Fortunately, section 19 of the New Act seeks to prevent such incidents and stipulates that no protected person is obliged to give any information about their circumstances in a court of law. Witnesses can now refuse to answer questions relating to their whereabouts with impunity. However, attitudes need to be changed generally about witnesses. The programme could assist in educating the public about the plight of witnesses and the valuable role they play in promoting criminal justice in South Africa. Information about convictions as a result of protected witnesses testimony should be made publicly available in the programmes yearly report.

10. Relocation and Resettlement

One of the biggest problems identified by witnesses, investigators, prosecutors and NGOs, is the programmes lack of effective long-term relocation processes. In most cases, once the trial is completed, the witness is left to his or her own devices. The staff of the Witness Protection Programme clearly feel resettlement is something the programme is not required to address. Captain Mhlongo, head of the programme in KwaZulu-Natal claims, "In most cases once witnesses have testified the accused never go after them".50 Unfortunately, there are a number of cases where witnesses have been killed after giving their testimony, which appears to dispute the view of the Captain. The death of two young witnesses in Donnybrook, KwaZulu-Natal in 1999, is a clear example of this. The two youths were killed when they alighted from the bus they were travelling on, shortly after having given evidence in a murder trial.
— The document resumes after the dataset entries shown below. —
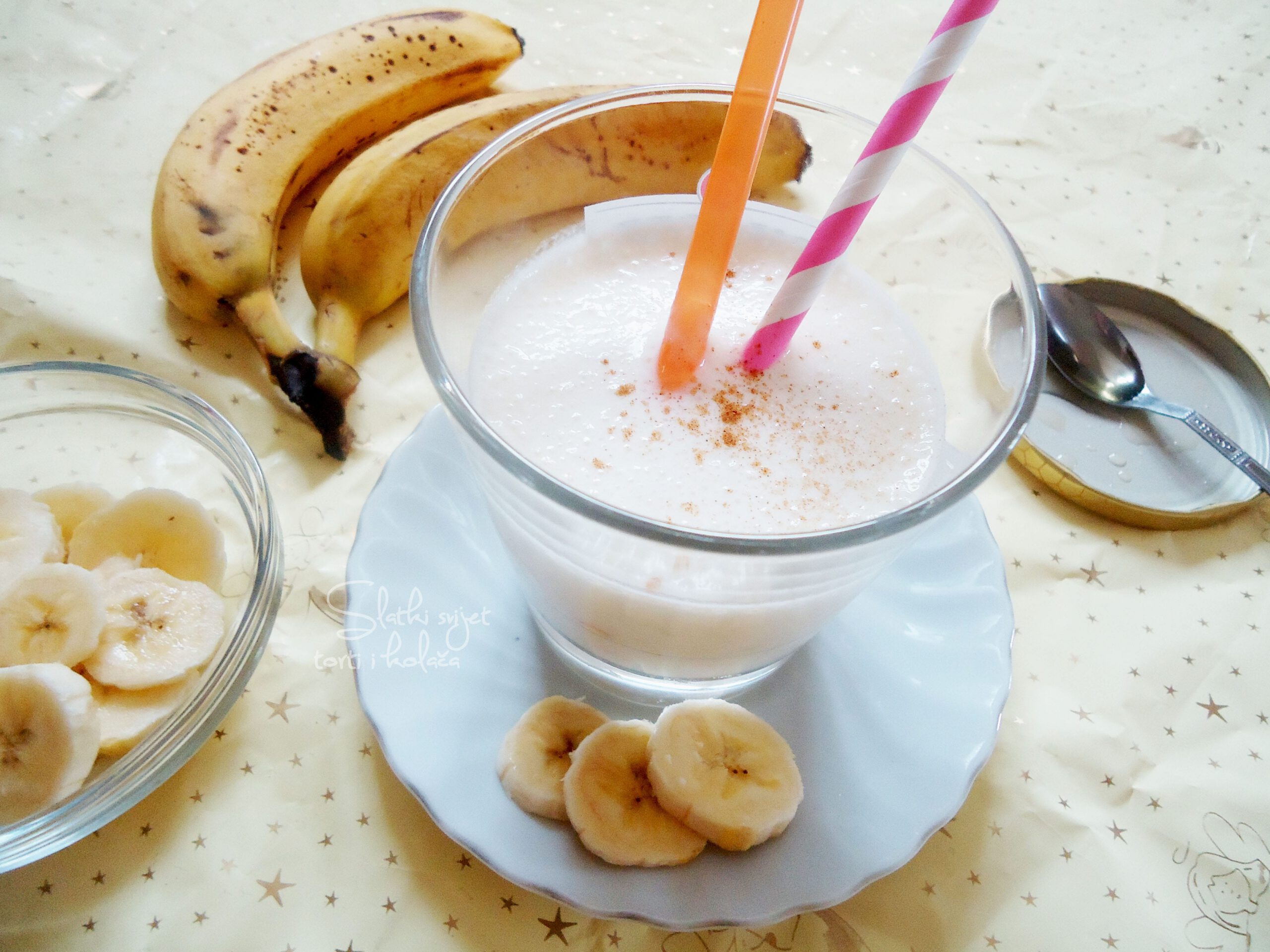 Frape od banane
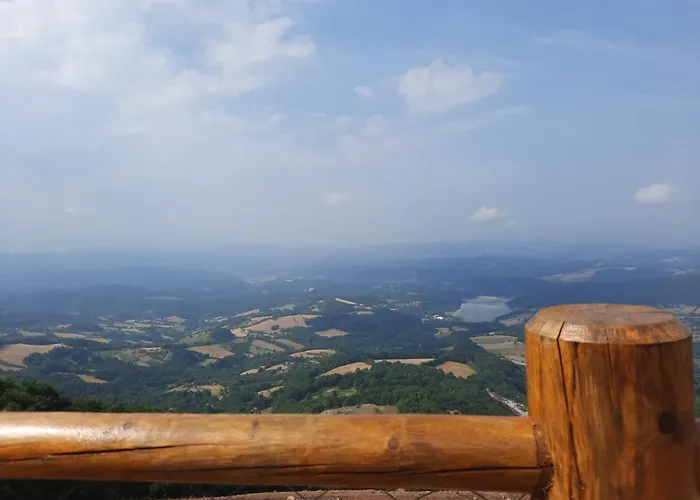 Сasa de vacaciones Rudnicki Eko Breg *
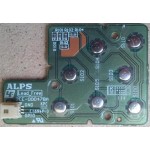 SONY KDL42W800B KEY BOARD ALPS 2EE-00047BA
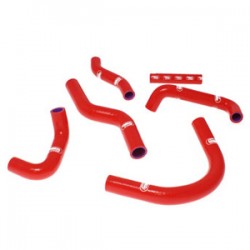 DURIT.RADIAT.CRF450 15ROUGE 6 DURITES
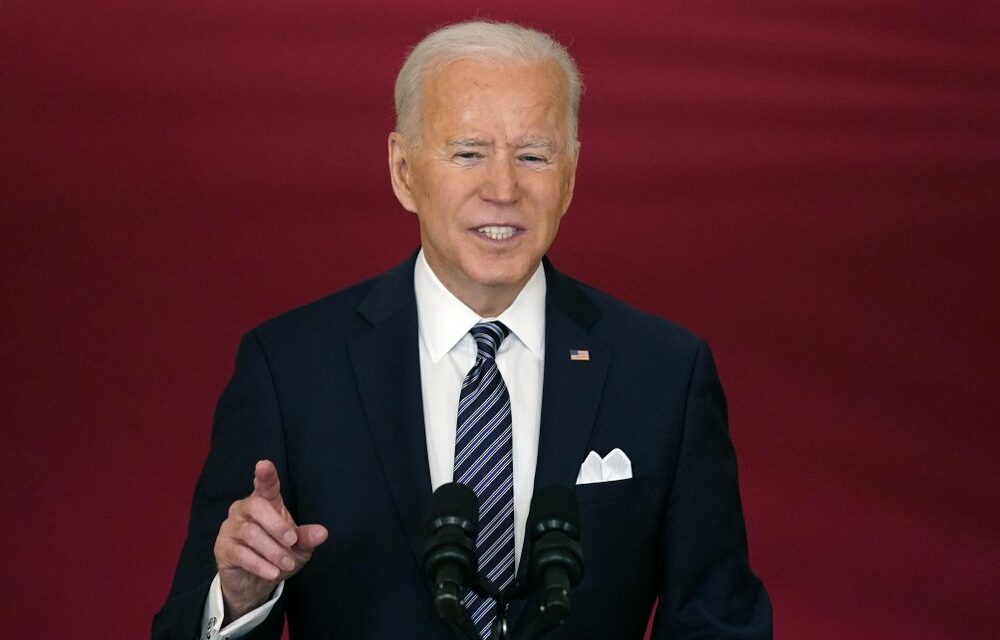 Biden Ends COVID National Emergency After Congress Acts - Chapelboro.com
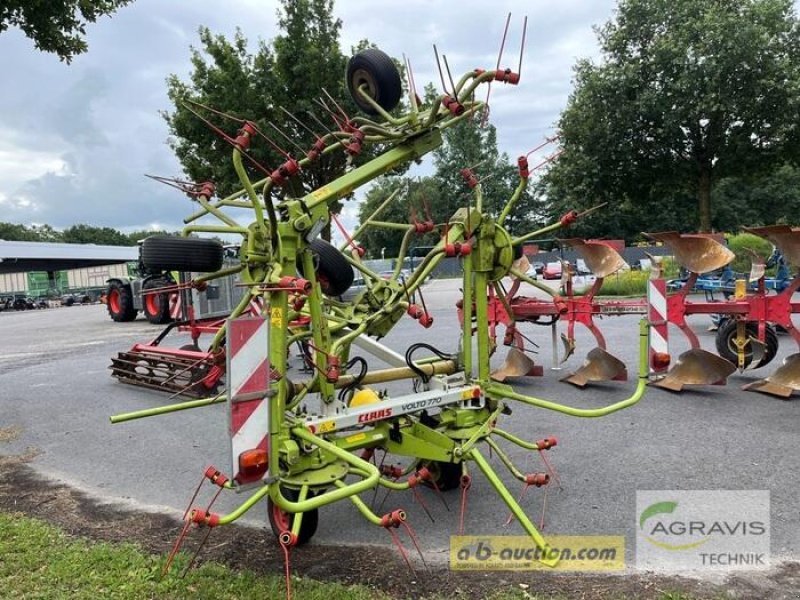 Heuwender des Typs CLAAS VOLTO 770 (9,5), Gebrauchtmaschine in Meppen (Bild 4)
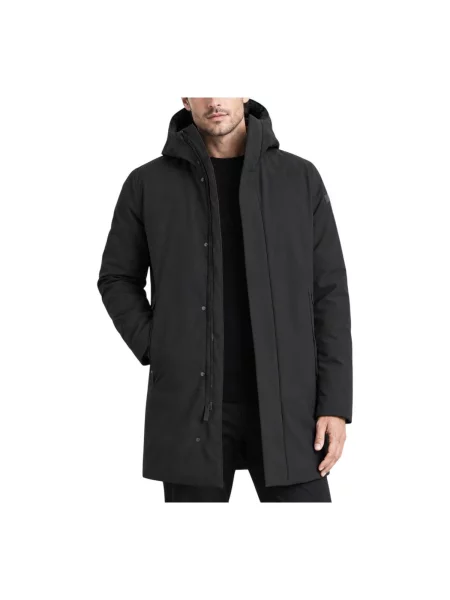 Palton Roberto Ricci Designs negru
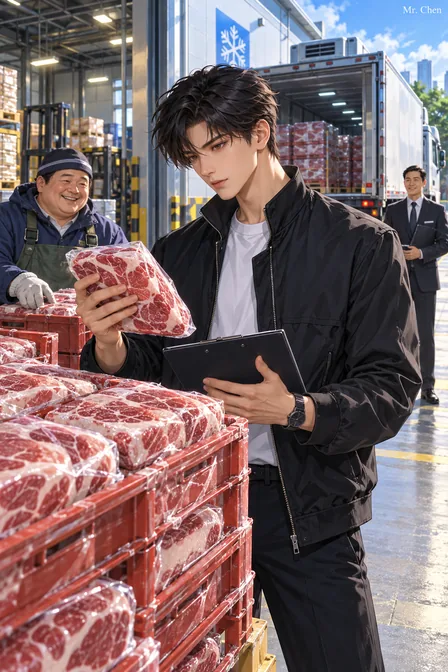 Chen Luo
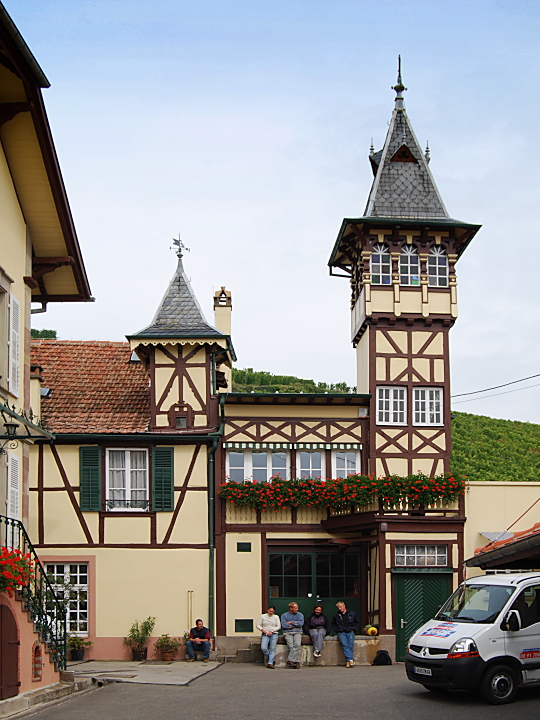 Maison Trimbach, Alsace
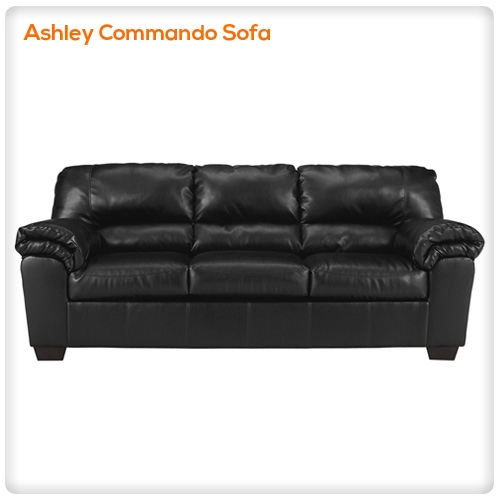 Ashley commando sofa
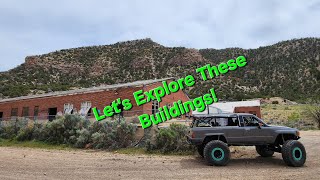 Exploring Horse Canyon Mine And Trail Ride!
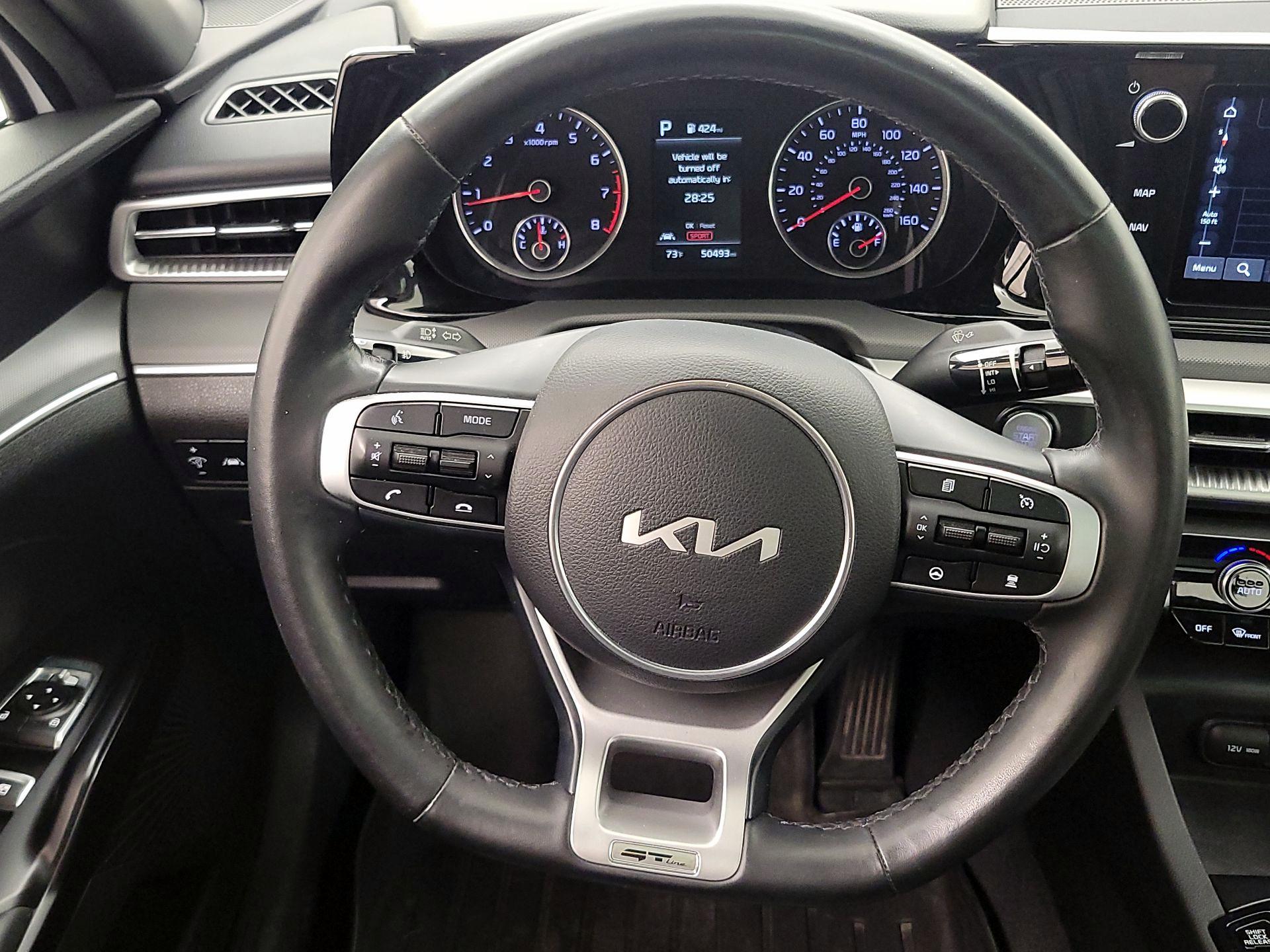 Thumbnail: 2023 Kia K5 - 10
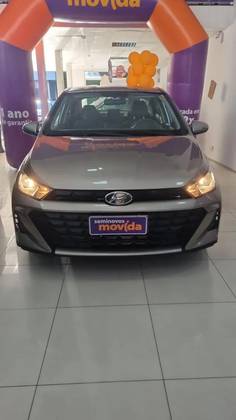HYUNDAI HB20S 2024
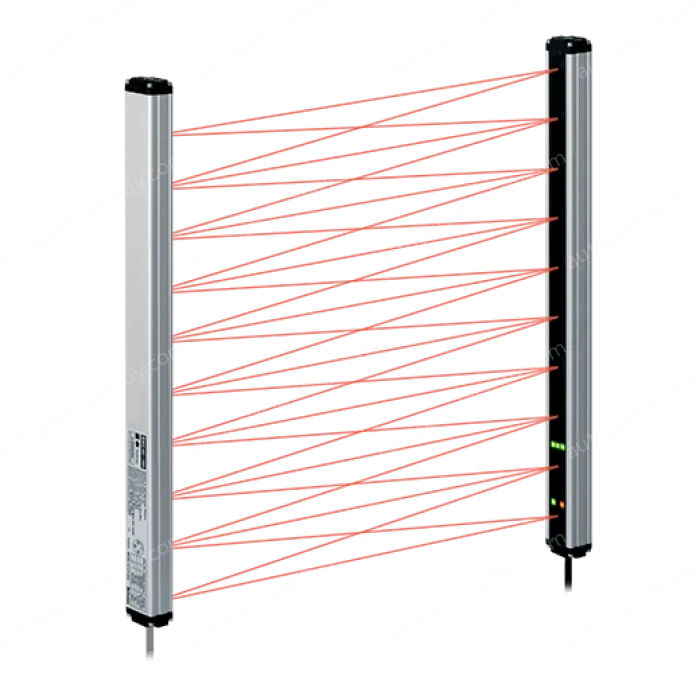 Autonics Light curtains BWC40-04HD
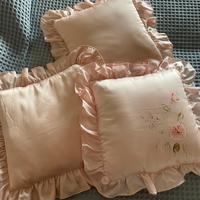 Cuscini arredo in raso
The aspect of relocation and resettlement is not a problem unique to South Africa. A report on vulnerable witnesses written for the British Home office in June 1998 stated:

Often the criminal justice system's role is seen to have ended after the trial. However the potential for intimidation does not end there. Even if the offender is convicted and imprisoned, there may be a risk of retaliation by friends and family or by the offender upon release. This stage however has been neglected by Literature.51

In South Africa a system has been put in place to allow witnesses some time following the conclusion of the trial to prepare for leaving the programme. Although in the new Act there is no specific time period within which witnesses are expected to leave the programme, witnesses are usually given a six-week period within which to re-establish themselves. This time period may be increased following a risk assessment. A formal system is in place whereby both the witness and the Director of Public Prosecutions are given written letters informing them of the date by which the witness is expected to vacate the programme. Section 14 of the Act allows witnesses on the programme to request the Justice Minister to review any such decision taken by the Director of the programme.

However, many witnesses still feel insecure about leaving the programme. In some cases the witnesses feel unable to return to their homes because of fear of attacks from the person or associate they had supplied information about or testified against. Such feelings of insecurity have lead to complaints being made to the media about the witness protection programme.